(Source material)
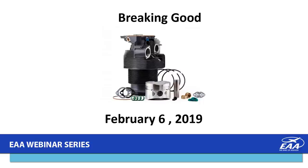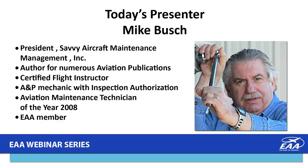Today's presentation is titled 'Breaking Good' and our presenter is Mike Bush. Mike is president of Savvy Aviation Incorporated and author for numerous aviation publications, holds a certified flight instructor certificate and an A&P mechanics certificate with inspection authorization privileges. In 2008, he was the Aviation Maintenance Technician of the Year with the FAA. Thank you so much for volunteering your time and continuing to bring information to us on a monthly basis through the webinar series.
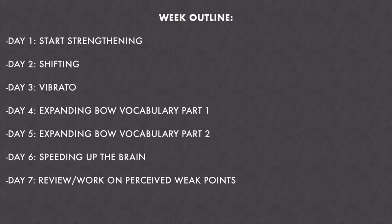Here's the basic outline for the week. Day one is all about strengthening the left hand and creating fluidity in the right hand — getting our strength back. Day two has a focus on shifting. Day three is vibrato. Days four and five are both about the bow — big right-hand work in the middle of the week. By day six we want to speed things up and push ourselves a little more now that we've built up physical strength, get the brain working harder. The final day I used as a review day, working on things that were still a little weaker at the end of the week.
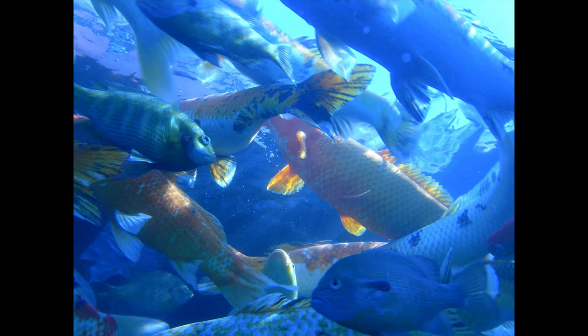Baked Bass a la Newport. Clean the fish, gash the top, season with salt and pepper, and cover with thin slices of salt pork. Pour a little boiling water into the pan, and bake slowly, basting as required. Serve with the pork. Bacon may be used instead.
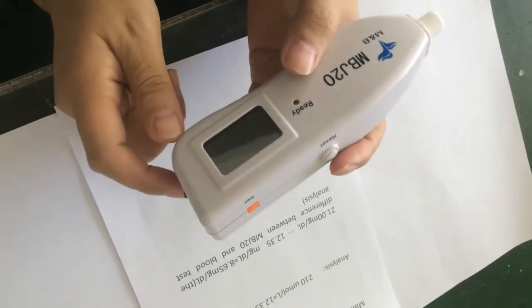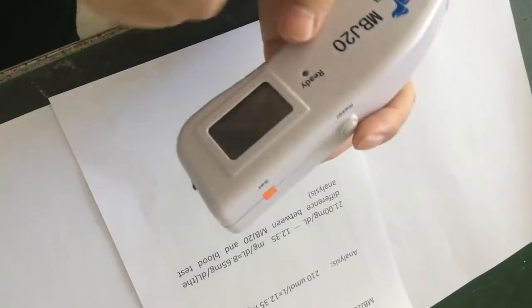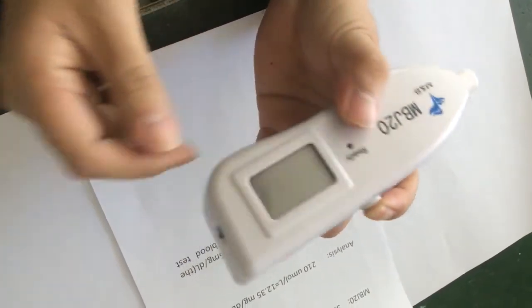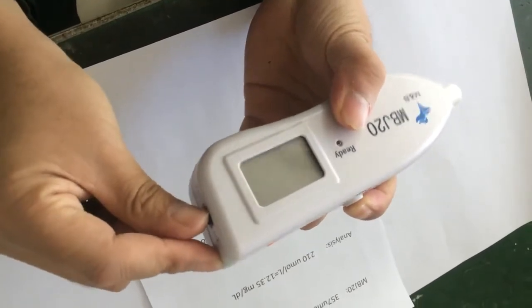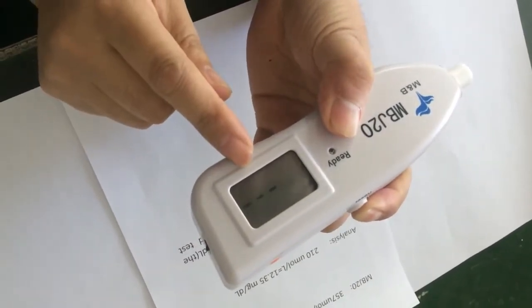Let's enter the calibrating interface. First, press this button — the reset button. At the same time, switch on here, and wait until the number appears.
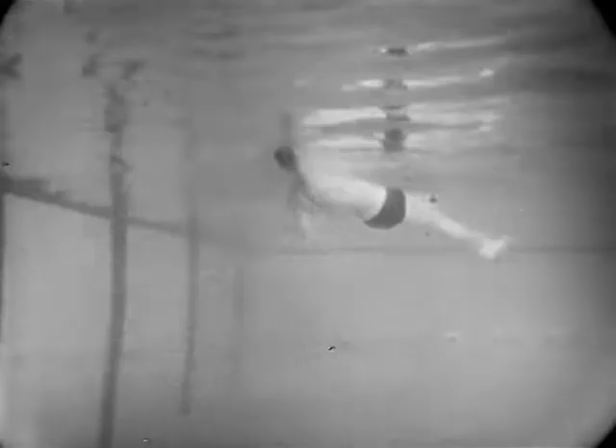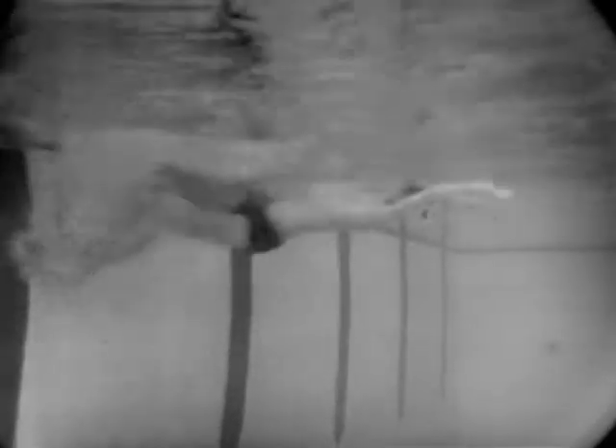Right now he's demonstrating the backstroke. You'll notice that he uses a bent-arm pull. In other words, he places the hand in over the head, and then as he pulls through, he bends it at the shoulder and pushes down towards the feet. This is the stroke which most of the swimmers are using now. You'll also notice that he kicks from the hip. He has quite flexible ankles, and he is letting the knees bend as he should.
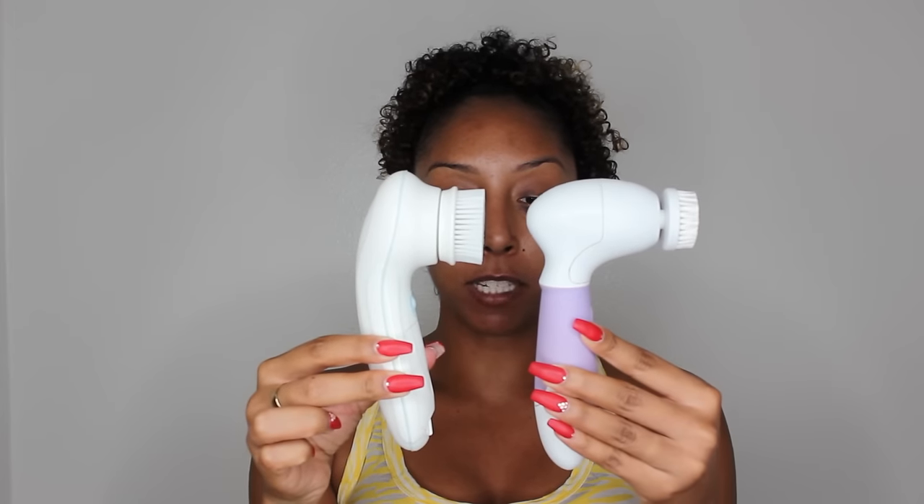Inside the case you get three brushes as well as the actual spin brush. Here's the new spin brush and here's the old one — you can already see it's a little bit smaller in length but a little wider, and the old one has a smaller circular bristle while this one is much larger. The bristles are even softer and better for sensitive skin. The second brush head option is for exfoliating, so it's a little bit rougher and gets a really good deep clean.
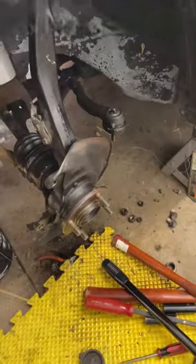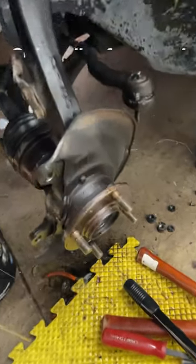So we can continue on with the progression of the five-lug swap. If you guys are curious to see the rest of the build, make sure to subscribe to the channel.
(End Source material)
Exercise objective: Please transcribe word for word the lines from the one bearing "Inside the case" through the last line of the records above, omitting the pictures.

Solution for this task:
Inside the case you get three brushes as well as the actual spin brush. Here's the new spin brush and here's the old one — you can already see it's a little bit smaller in length but a little wider, and the old one has a smaller circular bristle while this one is much larger. The bristles are even softer and better for sensitive skin. The second brush head option is for exfoliating, so it's a little bit rougher and gets a really good deep clean.
So we can continue on with the progression of the five-lug swap. If you guys are curious to see the rest of the build, make sure to subscribe to the channel.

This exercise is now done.